→ **Materials provided**:
● ● ● ● ● ● ●

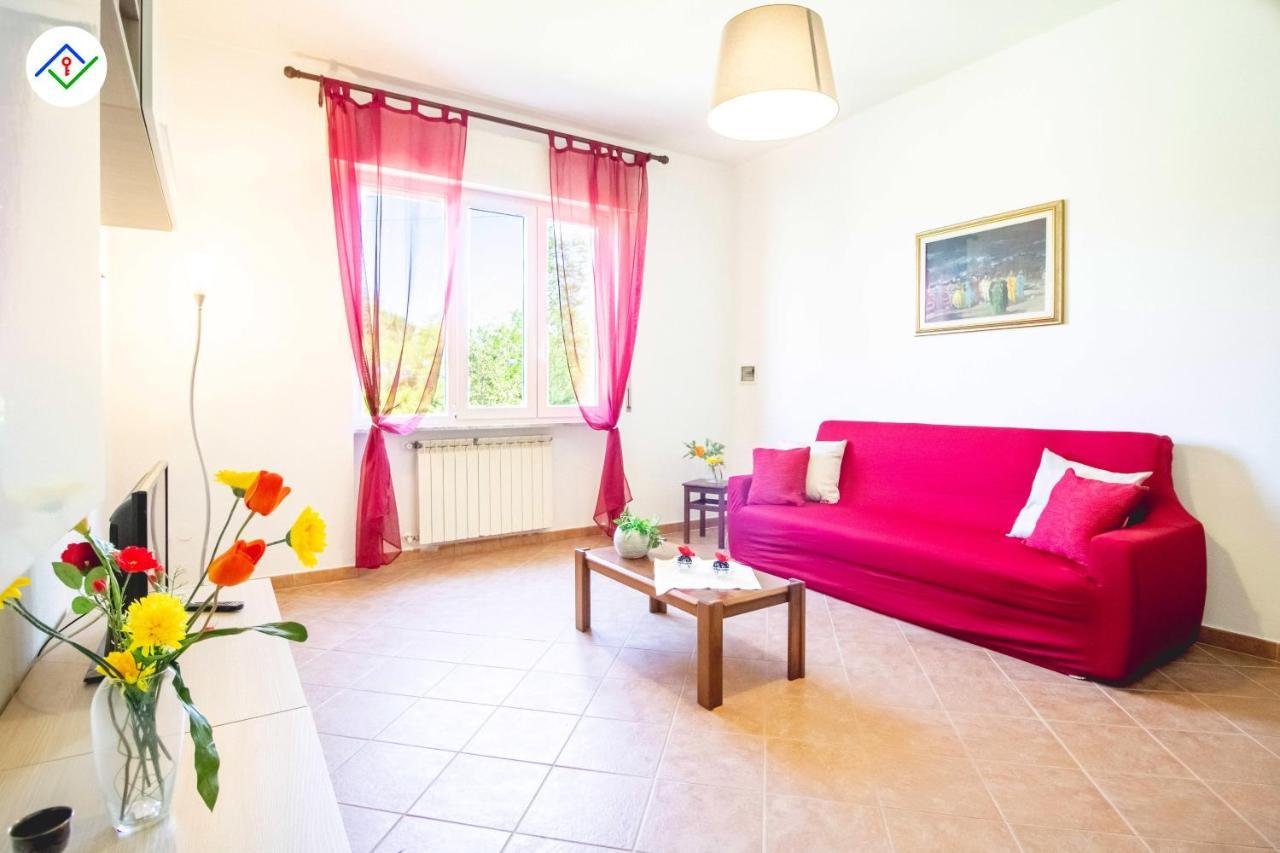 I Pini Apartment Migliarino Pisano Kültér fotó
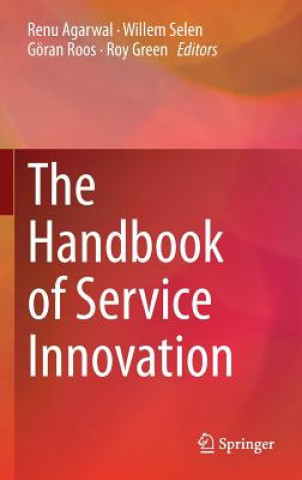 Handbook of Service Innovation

● ● ● ● ● ● ●

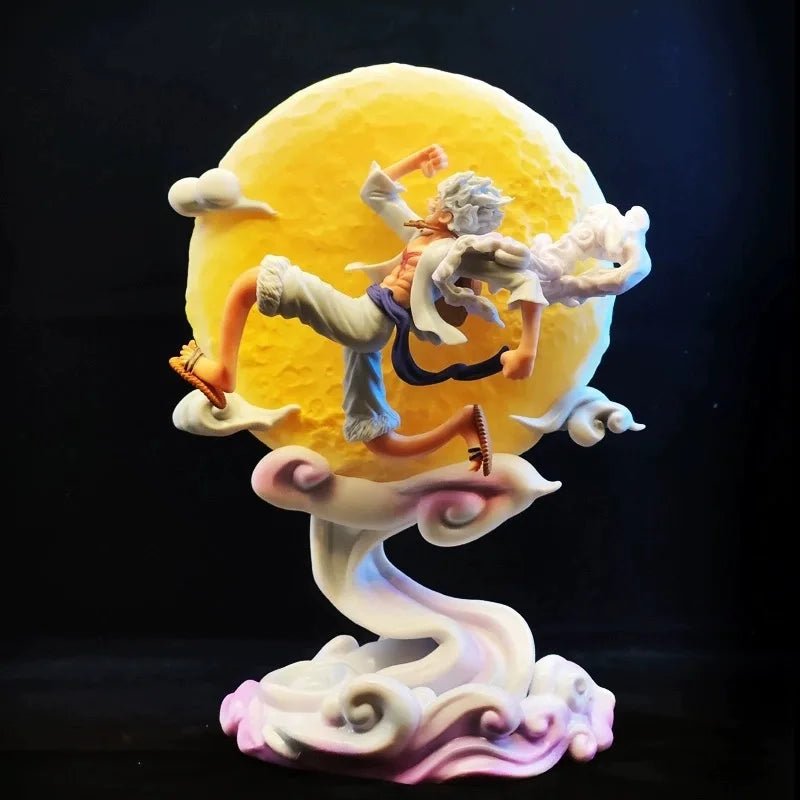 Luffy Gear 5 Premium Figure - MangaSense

● ● ● ● ● ● ●

→ **About this task**:
Which part of the entries opens with the line containing "I Pini Apartment" and closes with the line containing "Handbook of Service Innovation"? Output that part exactly, ends included, pictures excluded.

→ **Answer area**:
 I Pini Apartment Migliarino Pisano Kültér fotó
 Handbook of Service Innovation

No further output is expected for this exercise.